# Canon Pixma MX700 Black Ink Issue



## wab11287

So I have had this printer for over a year now and I have not had any issues with it until just lately. Without making any changes to the printer it self it started to print out anything black with a really scratchy look to it. 

Any type of text seems a little faded in areas but its all in a straight line across horizontal. 

I have tried the maintenance settings on the printer to do a nozzle check, cleaning, and deep cleaning and all fail to solve the issue.

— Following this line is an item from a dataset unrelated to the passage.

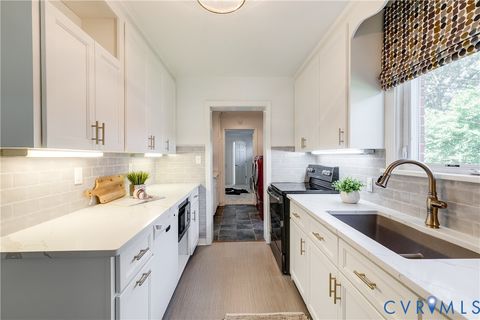 Tiny photo for 6305 Monument Avenue, Richmond, VA 23226 (MLS # 2612313)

To give an idea of what I mean by the issue I printed off a test page that should look like this:
http://www.inkguides.com/images/test-page-printing/print-test-page-black.gif

and scanned the printed page to show the difference
http://i56.tinypic.com/28he90g.png

The lines that are lighter are the faded ones.

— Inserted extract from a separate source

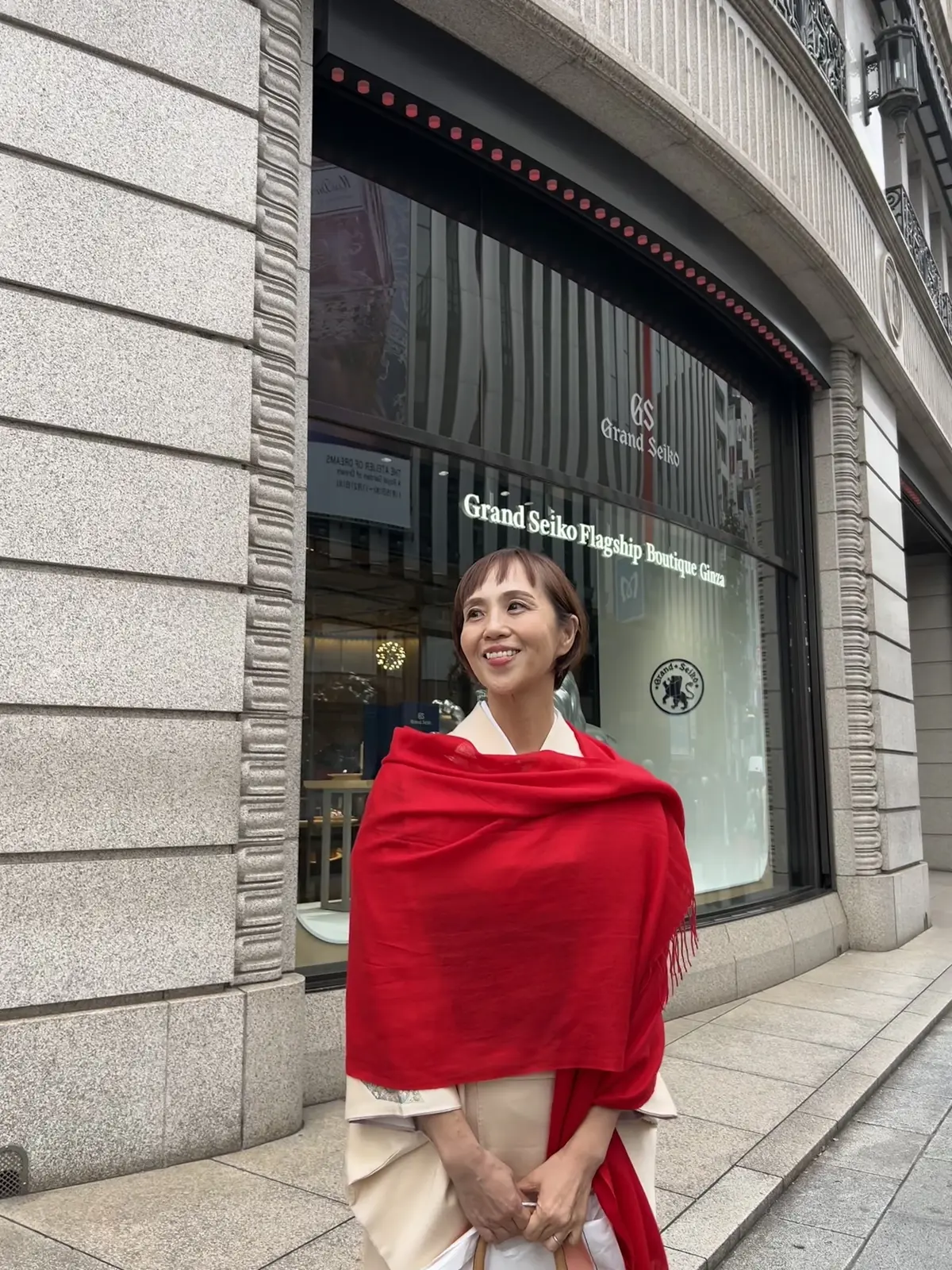 銀座和光前　着物　赤いショール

I also did a test sheet of just text 
http://i54.tinypic.com/n3ojs2.png

If I print anything in any color it comes out clear and perfect.

Everything else about the printer works great and all around its a great printer so I rather not have to buy a new printer just because of this problem.

Please help!


----------



## johnb35

Take the cartridge out and wipe off the excess ink.  I had to the same thing to one of my clients printers just the other day.  Also, look on each side of the printer track where it stops to see if there is a small catcher for dripping ink, usually on the left side when you open the cover.  If its getting full then its screwing up the printing. On the right side is usually just a sponge that catches the drippings.  May need to take it in and have it cleaned out.


----------



## wab11287

I took a look at the cartridge and it seems ok. I cleaned it up a little and put it back in. I also looked for drip catcher and I couldnt see anything really on the left but on the right there seems to be a lot of ink build up and a little possible dust or dirt particles. To clean the sponge is that something I need to take to a company or is it something I can personally do at home? If so what would the steps to take.

Thanks


----------



## johnb35

I haven't done it personally, but if you do try it, be very careful as it you could make a mess inside the printer if the ink starts dripping all over.  You might want to get an estimate on how much it would cost first before taking it in to someone.


----------



## wab11287

Sorry to ask so many questions but where would be a good place to get an estimate?


----------



## johnb35

Ask around where you live on who works on printers.  Not sure how much you paid for the printer but if the cost to fix it is near the price of a new printer, just look for a new printer then.  Thinking it would be under $100 hopefully.


----------



## wab11287

Ok thanks for all the help. I will see what I can find out from a local shop.


----------



## cramp1

that model,It is a good brand right?please help me to find one if not
thanks in advance


----------